Manfaat Istima’ (Menyimak) dalam Belajar Bahasa Arab

Dalam setiap kesempatan saya mengajar istima’ berbahasa Arab, saya kerap mendapati beberapa peserta didik mengalami kesulitan. “Ini maharah/kerampilan yang paling sulit”, ungkap salah seorang mahasiswa. “Kita harus konsentrasi penuh, sekali ngelamun, nggak nyambung”, ungkap yang lainnya lagi. Saya iyakan kalau keterampilan mendengar, memang sedikit membutuhkan konsentrasi yang lebih dari keterampilan bahasa lainnya. Namun jika dikatakan maharah paling sulit, saya tidak setuju selama seseorang memiliki pendengaran yang normal tentunya. Sebab, merasa paling sulit itu sangat relatif dan subjektif. Bisa jadi ia merasa paling sulit, karena faktor dari dalam dirinya sendiri yang kurang terampil dalam aspek mendengar. Dan ini faktor yang paling banyak terjadi, terutama bagi yang lebih senang berbicara dari pada mendengar dengan seksama (menyimak).

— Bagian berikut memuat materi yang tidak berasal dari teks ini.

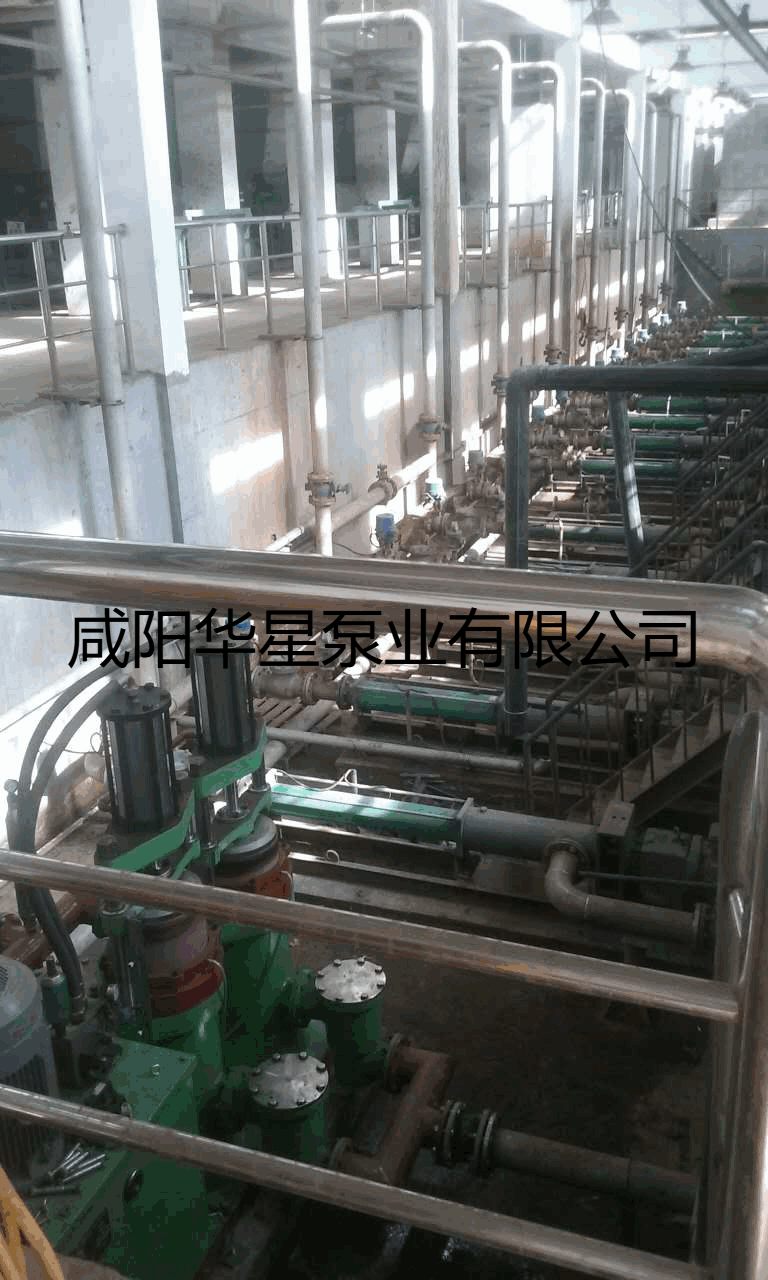 華星陶瓷柱塞泵尾礦使用現(xiàn)場-02 華星陶瓷柱塞泵尾礦使用現(xiàn)場-02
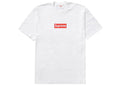 Supreme West Hollywood Box Logo Tee White - supreme-west-hollywood-box-logo-tee-white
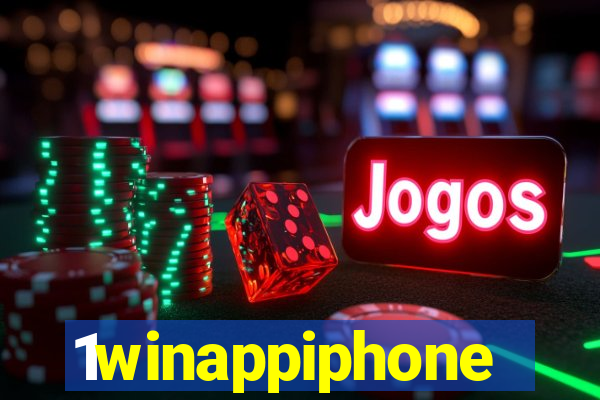 1winappiphone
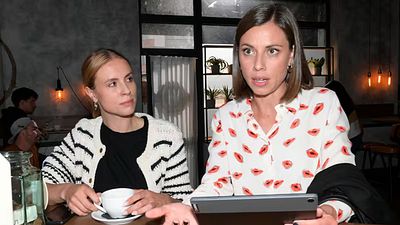 bild aus der news GZSZ-Vorschau: So geht es in der nächsten Folge weiter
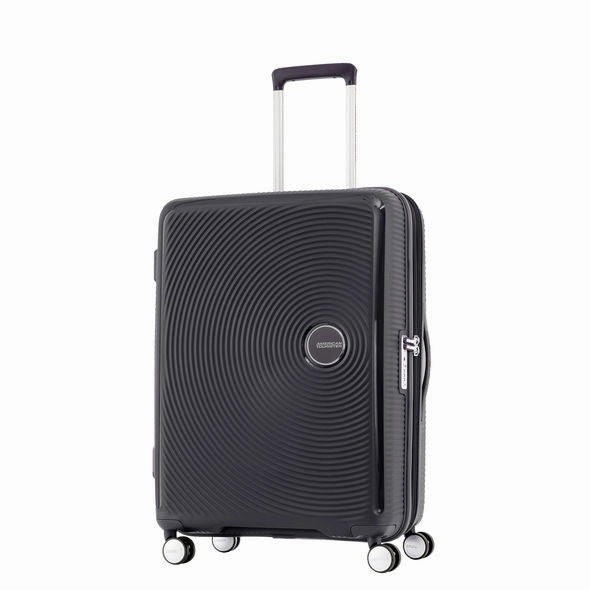 Big Price Drop American Tourister Curio Hardside Medium Expandable Spinner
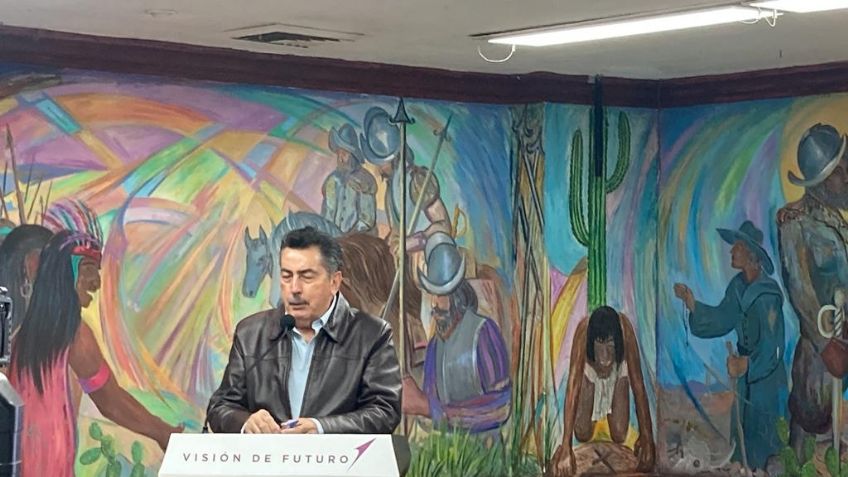 Cajeme: Alcalde Lamarque Cano confirma despido de 3 policías "por filtrar información"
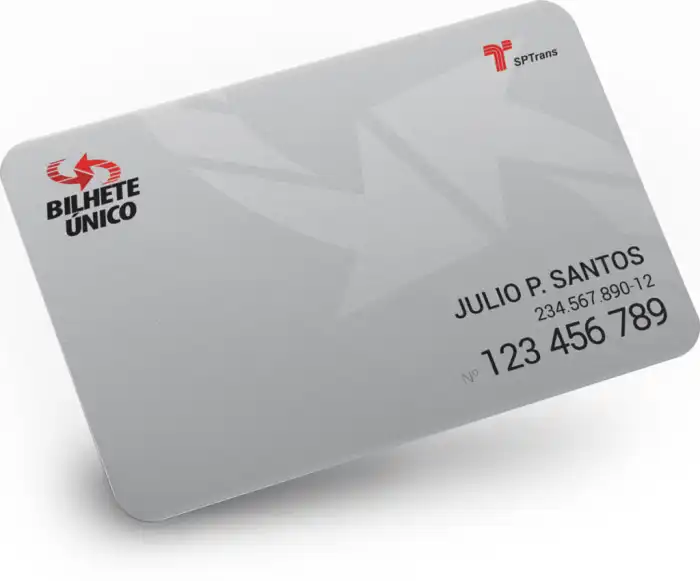 Como tirar segunda via do Bilhete Único SP - SDE Brasil Como Tirar Bilhete Unico Sp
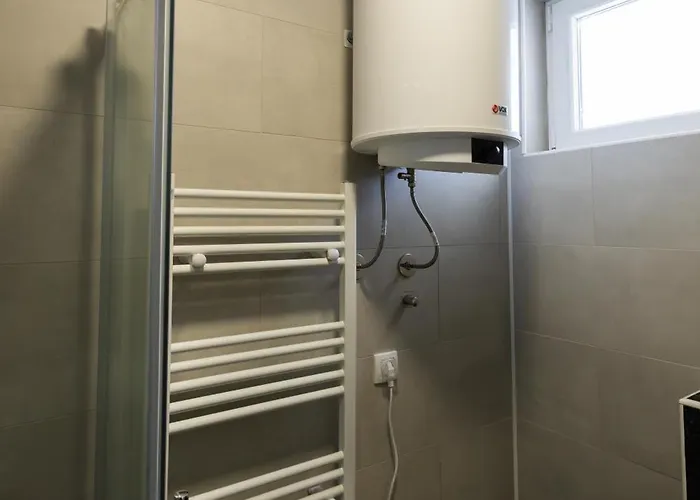 Black Star Kop Lejlighed Kopaonik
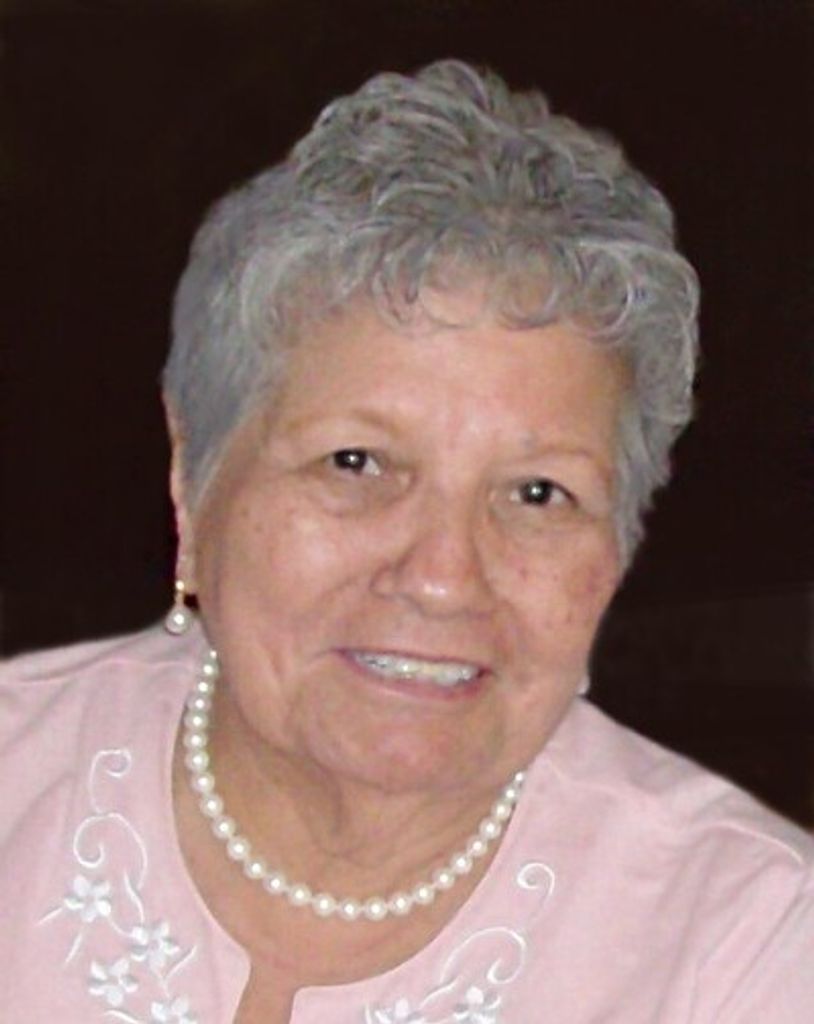 Mary E. Lopez Profile Photo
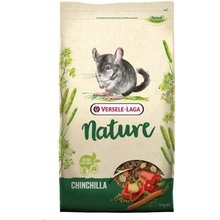 Versele-Laga Nature Chinchilla 9 kg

Mesikipun menjadi faktor yang paling banyak, cara mengatasinya pun cukup muda -insyaallah-. Sebab keterampilan mendengar, tidak berbeda dengan keterampilan lain, yang sama-sama membutuhkan latihan, latihan, dan latihan, atau pengulangan, pengulangan, dan pengulangan. Saya tekankan demikian, karena masih saja ada yang tidak percaya kalau dengan begitu saja, keterampilan mendengar bisa dicapai. Oleh karena itu, dalam catatan ini saya ingin menyampaikan latihan yang mudah dan menghasilkan, insyaallah.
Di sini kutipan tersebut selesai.